■ **Assigned task**: Copy the following data exactly and drop the pictures.

++++ Provided data

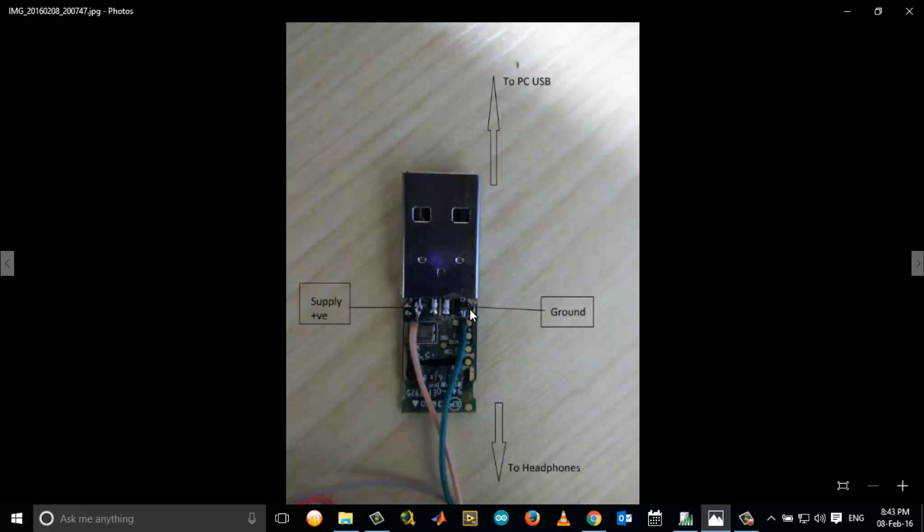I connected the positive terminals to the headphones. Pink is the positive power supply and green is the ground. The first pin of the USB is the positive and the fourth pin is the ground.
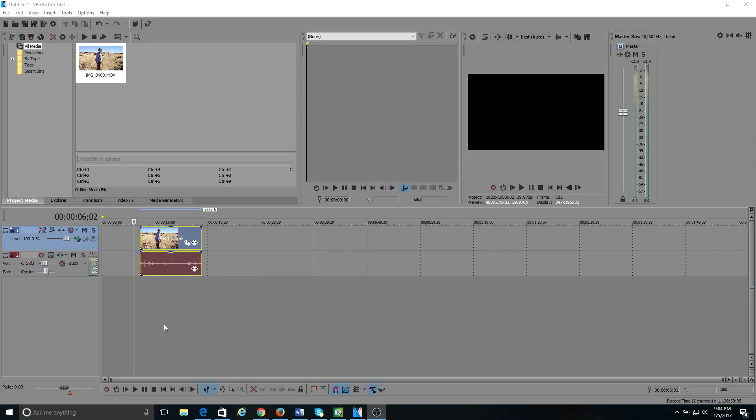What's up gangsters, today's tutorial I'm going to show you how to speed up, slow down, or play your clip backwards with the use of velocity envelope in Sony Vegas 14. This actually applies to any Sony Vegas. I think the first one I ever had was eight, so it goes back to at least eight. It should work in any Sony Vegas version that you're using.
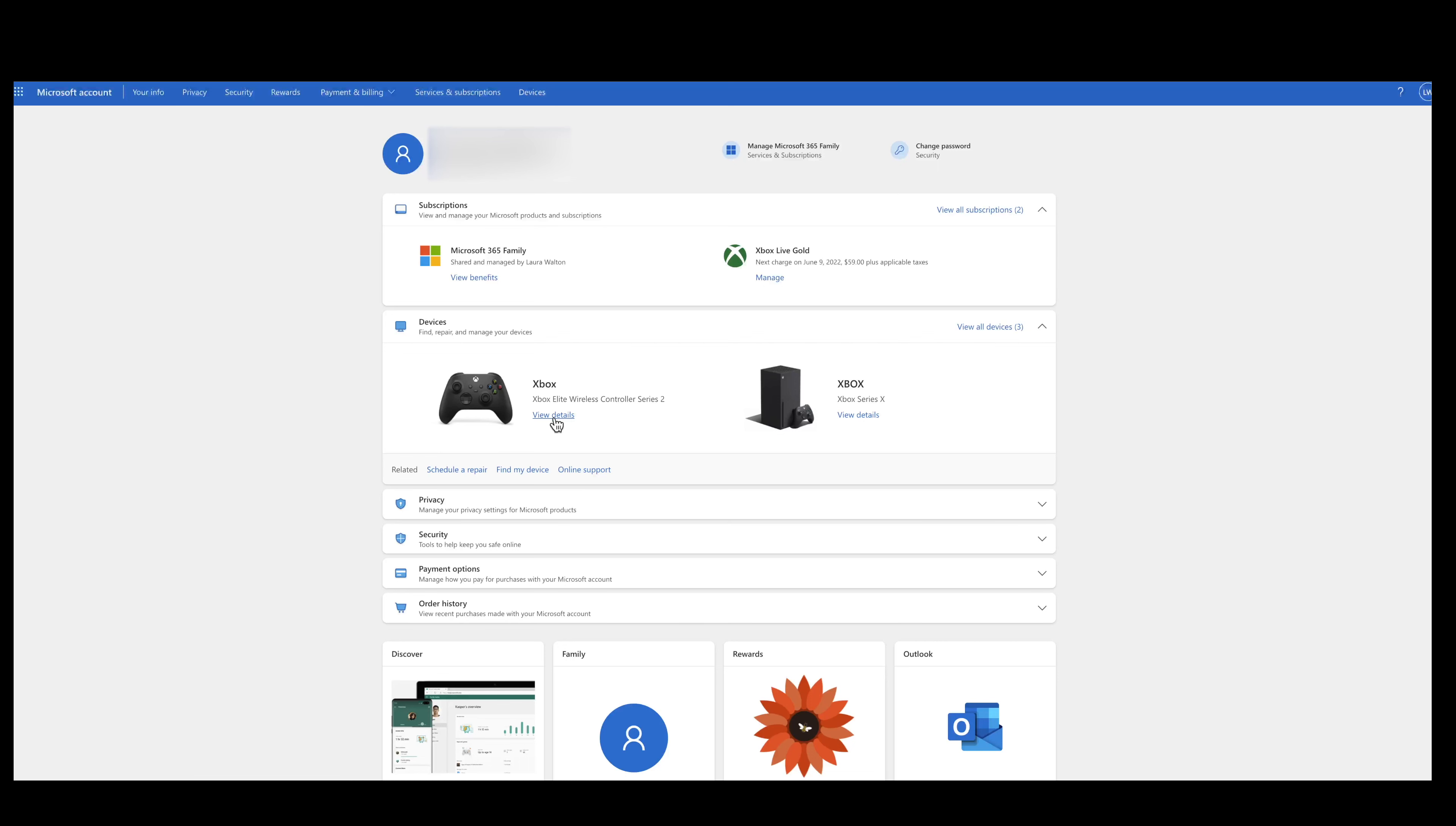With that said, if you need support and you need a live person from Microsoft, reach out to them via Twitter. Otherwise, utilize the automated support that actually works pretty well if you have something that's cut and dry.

++++++++

■ **Solution for this exercise**:
I connected the positive terminals to the headphones. Pink is the positive power supply and green is the ground. The first pin of the USB is the positive and the fourth pin is the ground.
What's up gangsters, today's tutorial I'm going to show you how to speed up, slow down, or play your clip backwards with the use of velocity envelope in Sony Vegas 14. This actually applies to any Sony Vegas. I think the first one I ever had was eight, so it goes back to at least eight. It should work in any Sony Vegas version that you're using.
With that said, if you need support and you need a live person from Microsoft, reach out to them via Twitter. Otherwise, utilize the automated support that actually works pretty well if you have something that's cut and dry.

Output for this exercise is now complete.